About this task - Below, some lines carry pictures; leave those pictures out and retype exactly the lines from the one with "Holiday home Domki" through the one with "Super White / Ash 2009 Toyota Camry XLE V6".
---------- Material to process ----------
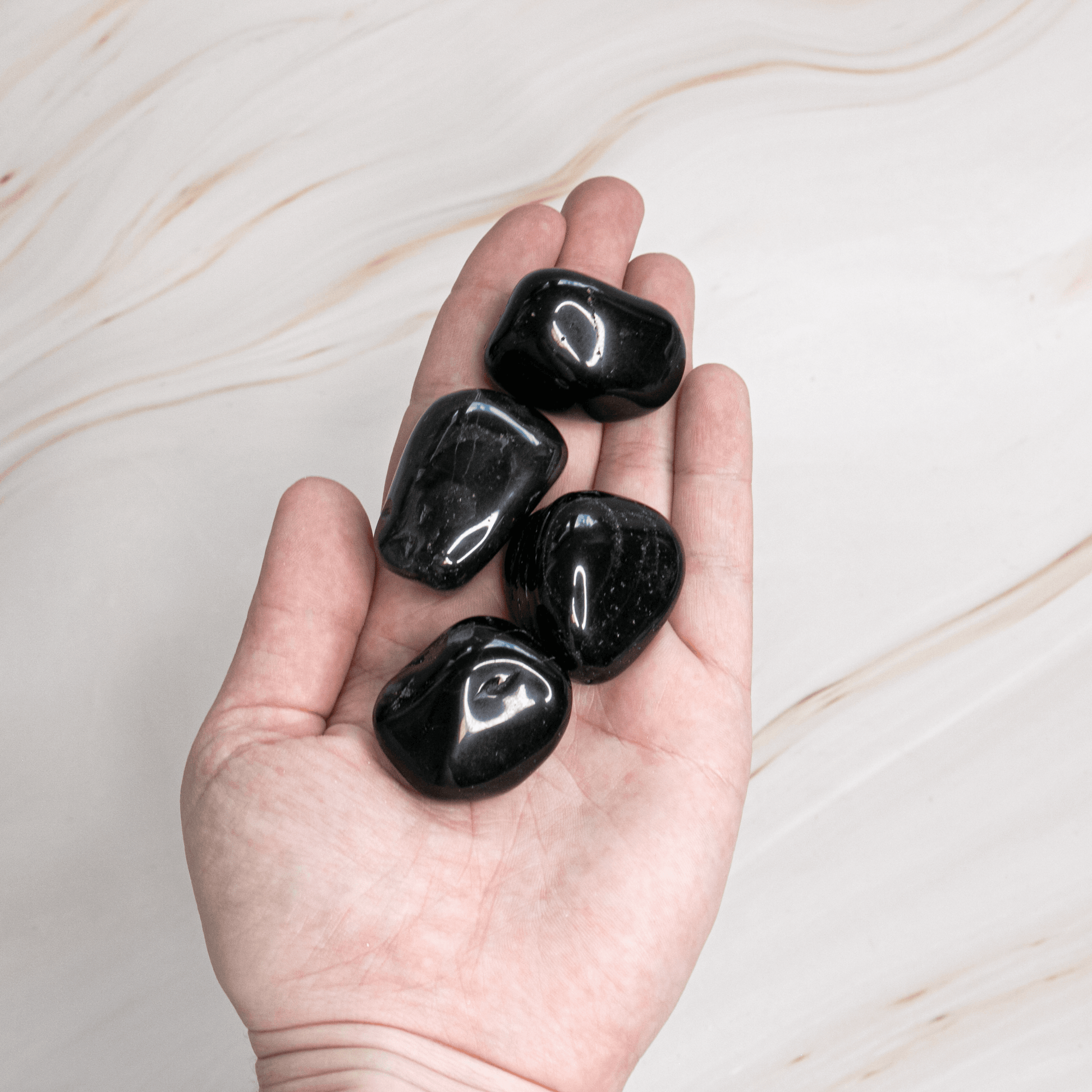 Onyx Edelstein Scheibenstein Heilstein steht für Stabilität Stärke Produktivität Selbstvertrauen Mut Astrologie Kristall für Sternzeichen Steinbock Löwe Geburtsstein für August Wirkung Chakra Wurzelchakra Motivation Schutz Willenskraft Heilung Energie Deutscher Onlineshop Annurah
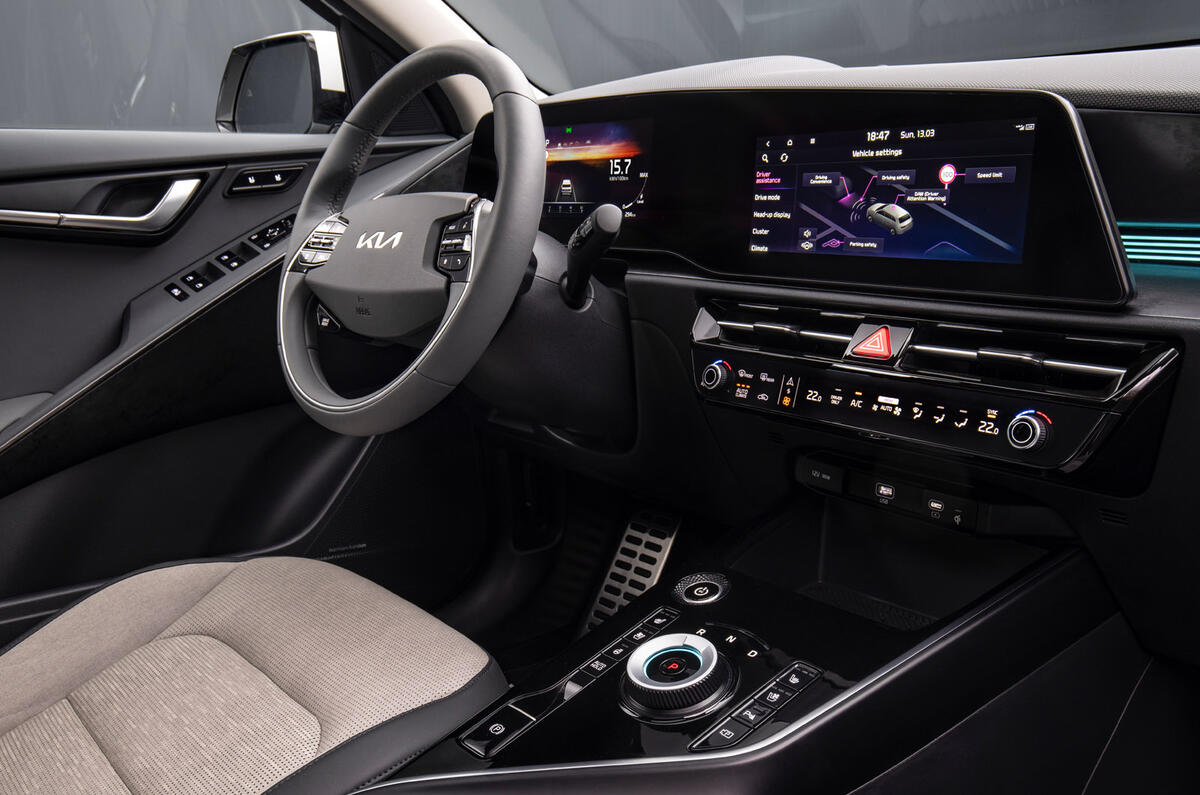 93 Kia Niro EV 2022 official reveal Europe centre console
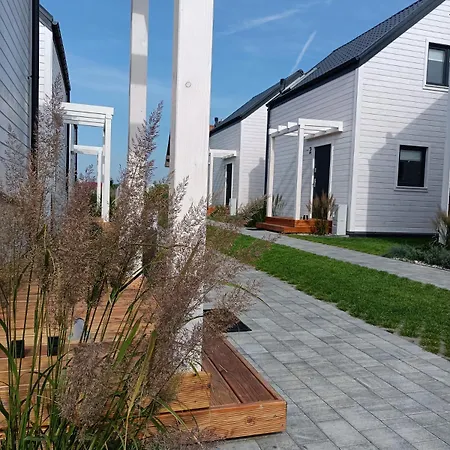 Holiday home Domki Letniskowe Czapli9 Domki Rewal Apartamenty *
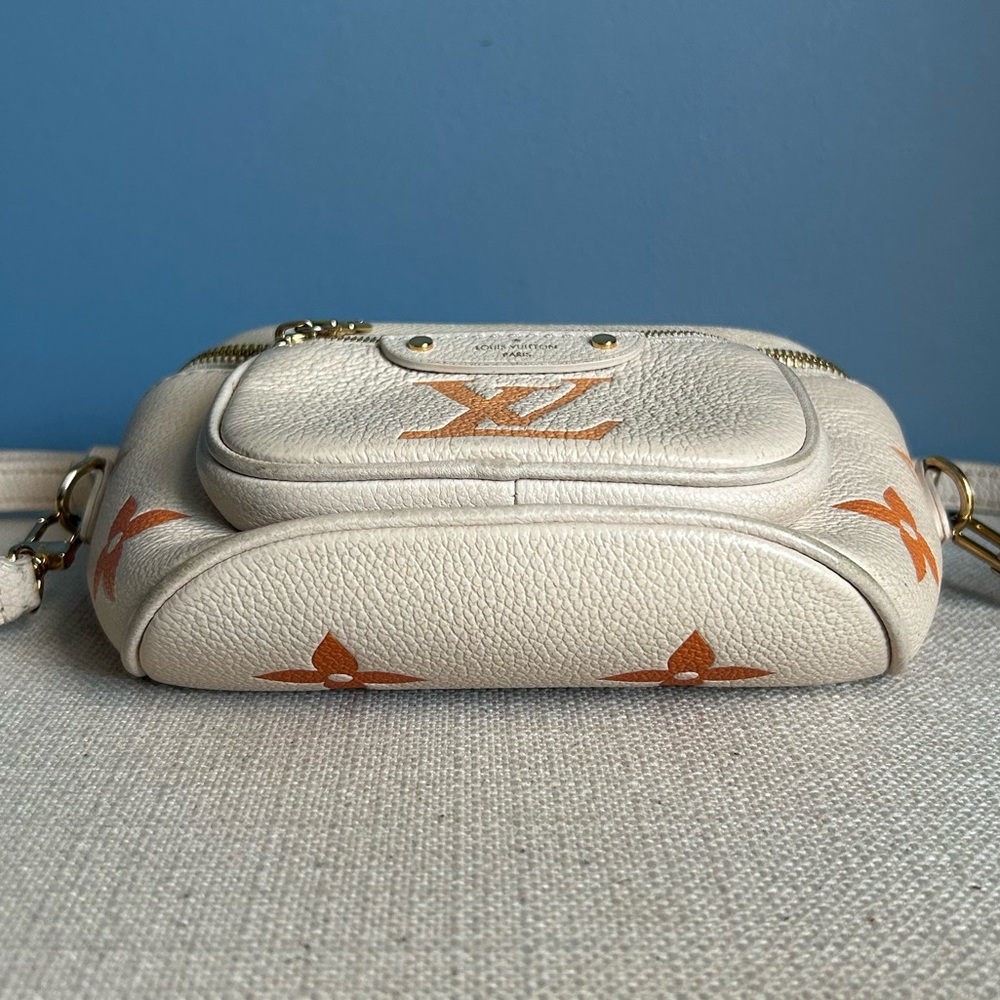 Louis Vuitton By The Pool Mini Bum Bag - Picture 6 of 14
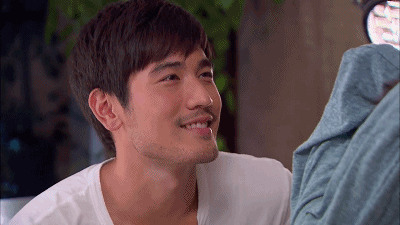 明星 正文  这位非常有辨识度的型男帅哥,1984年出生在台北,温哥华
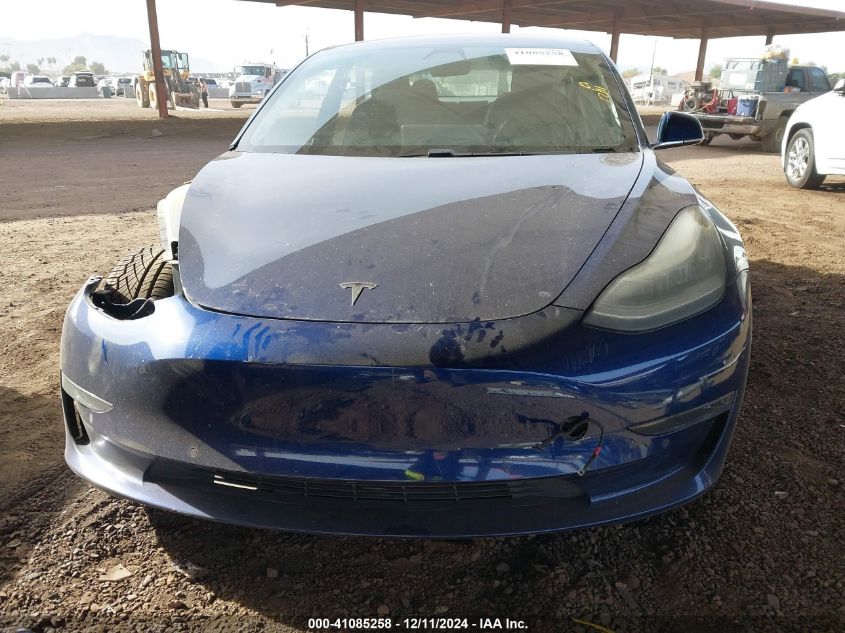 2018 Tesla Model 3 Long Range/Mid Range VIN: 5YJ3E1EA2JF075999 Lot: 41085258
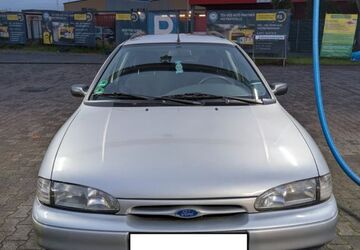Ford Mondeo 157.001 km 1.699 &euro; Köln 50668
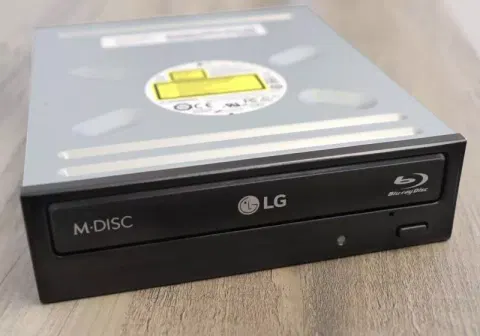 Scammers are selling fake Blu-ray drives to PS3 emulation fans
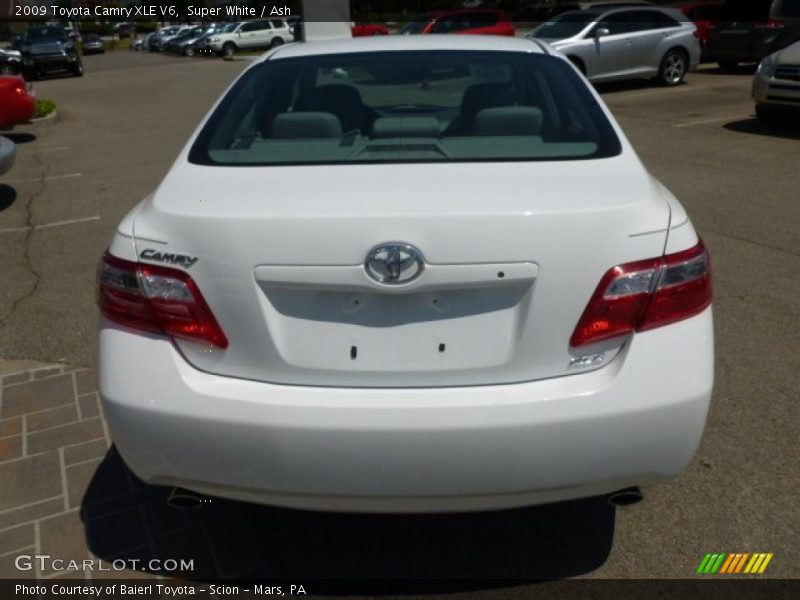 Super White / Ash 2009 Toyota Camry XLE V6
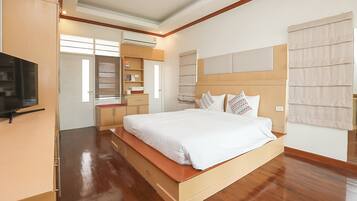 In-room safe, individually furnished, free WiFi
----------
Response for this exercise -
 Holiday home Domki Letniskowe Czapli9 Domki Rewal Apartamenty *
 Louis Vuitton By The Pool Mini Bum Bag - Picture 6 of 14
 明星 正文  这位非常有辨识度的型男帅哥,1984年出生在台北,温哥华
 2018 Tesla Model 3 Long Range/Mid Range VIN: 5YJ3E1EA2JF075999 Lot: 41085258
Ford Mondeo 157.001 km 1.699 &euro; Köln 50668
 Scammers are selling fake Blu-ray drives to PS3 emulation fans
 Super White / Ash 2009 Toyota Camry XLE V6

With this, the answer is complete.